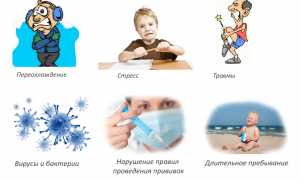 Симптомы и лечение ювенильного ревматоидного артрита у детей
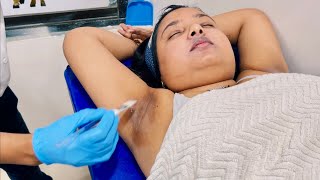 Dark Underarms Treatment  Dark Underarms and Mouth Around Pigmentation Treatment [upl. by Joelie]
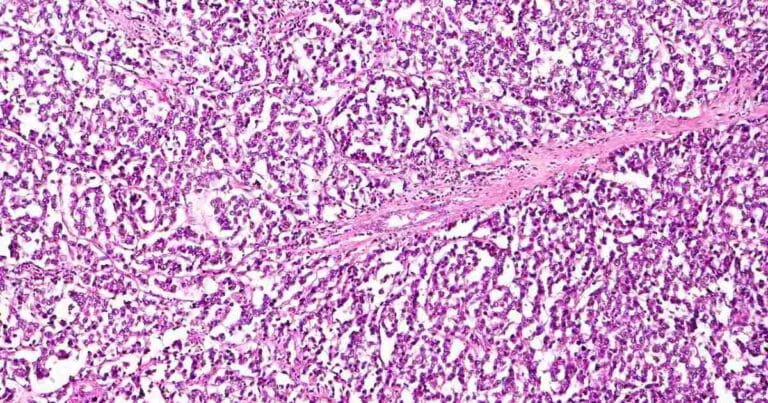 Ovarian cancer cells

*-*-*

AIM OF THE EXERCISE>
When you retype the material above, keep every word exact and drop the images.

TASK ANSWER>
 Симптомы и лечение ювенильного ревматоидного артрита у детей
 Dark Underarms Treatment  Dark Underarms and Mouth Around Pigmentation Treatment [upl. by Joelie]
 Ovarian cancer cells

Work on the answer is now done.